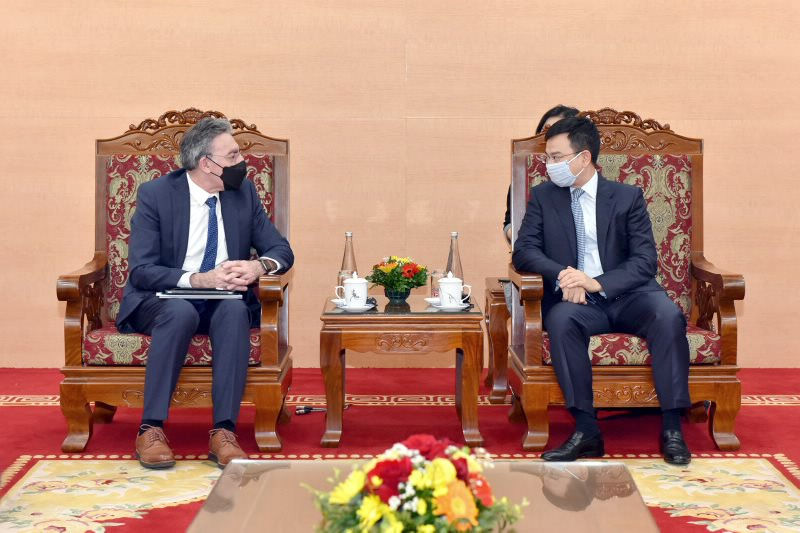 Phó Thống đốc Phạm Thanh Hà tiếp ông Zafer Mustafaoglu, Giám đốc Ban Tài chính, cạnh tranh và đổi mới khu vực Đông Á - Thái Bình Dương (WB)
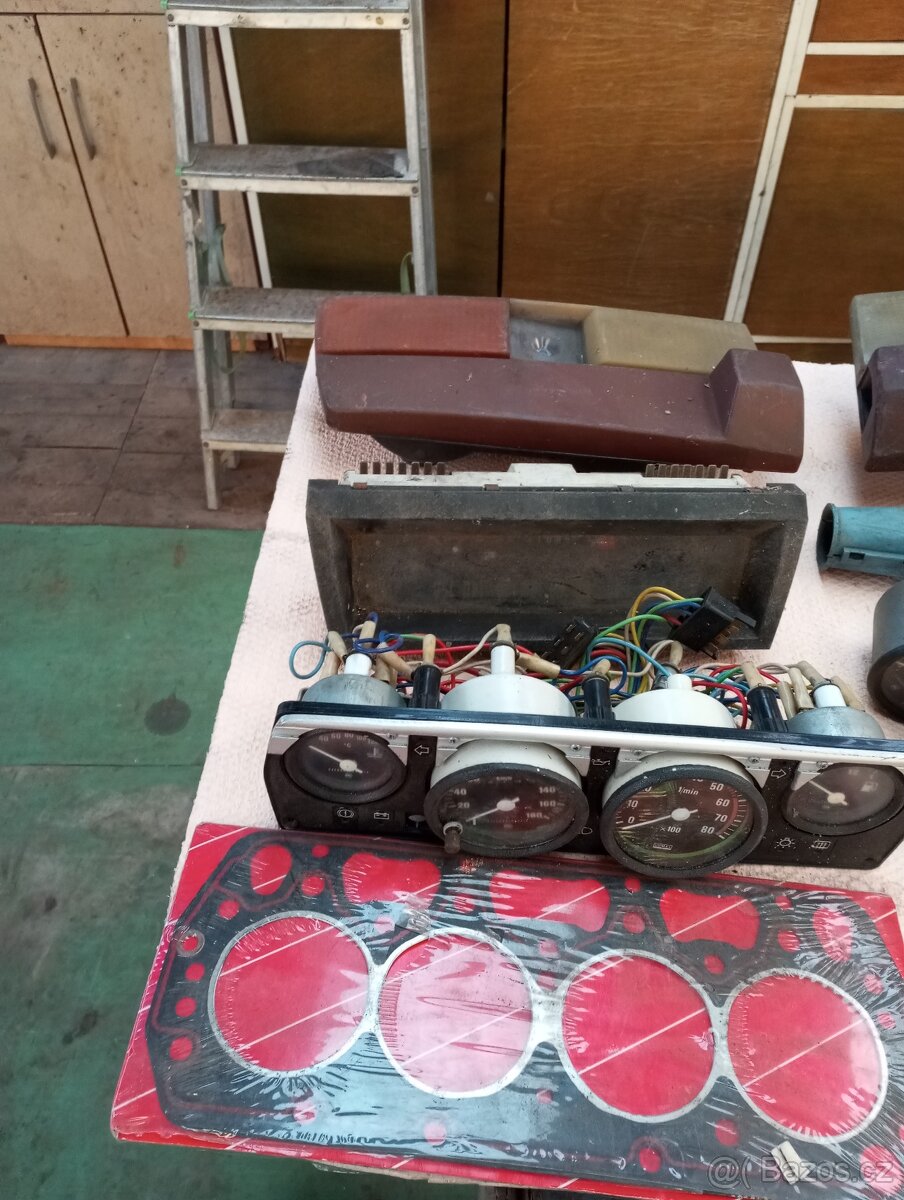 Prodám díly Škoda - 2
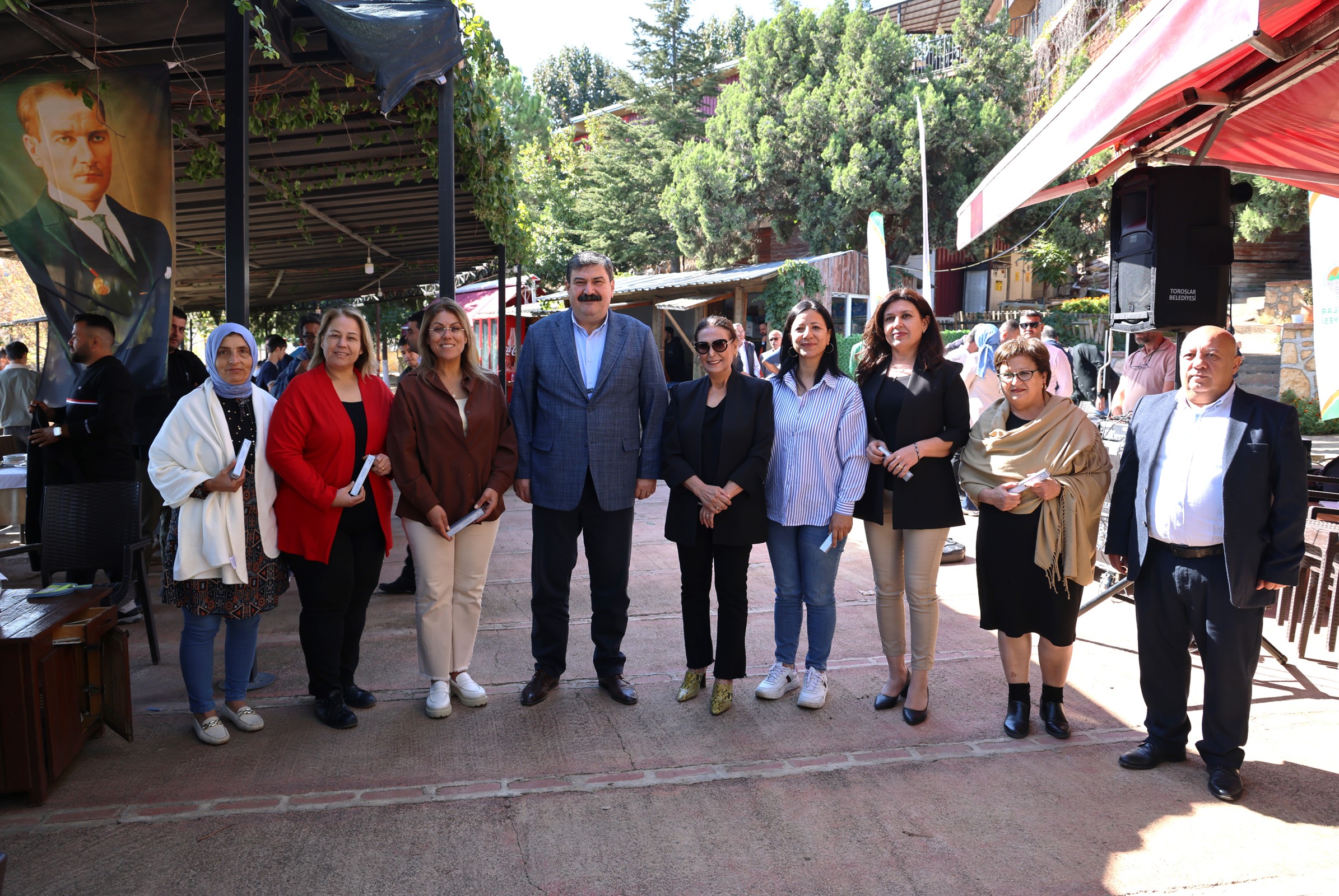TOROSLAR BELEDİYE BAŞKANI YILDIZ, MUHTARLARLA BİR ARAYA GELDİ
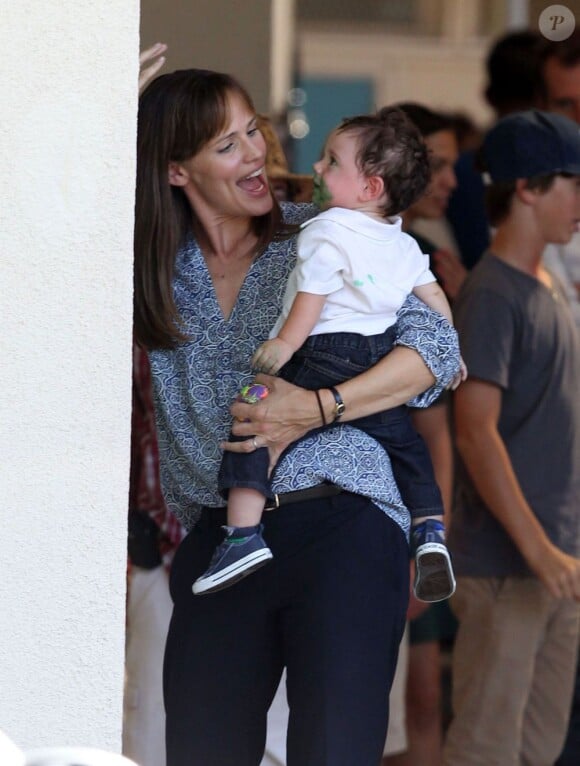 Jennifer Garner joueuse avec son bébé sur le tournage du film "Alexander And The Terrible, Horrible, No Good, Very Bad Day" à Los Angeles, le 20 août 2013.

● Task item: Reproduce all the material exactly, omitting images.

● Response to this task:
 Phó Thống đốc Phạm Thanh Hà tiếp ông Zafer Mustafaoglu, Giám đốc Ban Tài chính, cạnh tranh và đổi mới khu vực Đông Á - Thái Bình Dương (WB)
 Prodám díly Škoda - 2
TOROSLAR BELEDİYE BAŞKANI YILDIZ, MUHTARLARLA BİR ARAYA GELDİ
 Jennifer Garner joueuse avec son bébé sur le tournage du film "Alexander And The Terrible, Horrible, No Good, Very Bad Day" à Los Angeles, le 20 août 2013.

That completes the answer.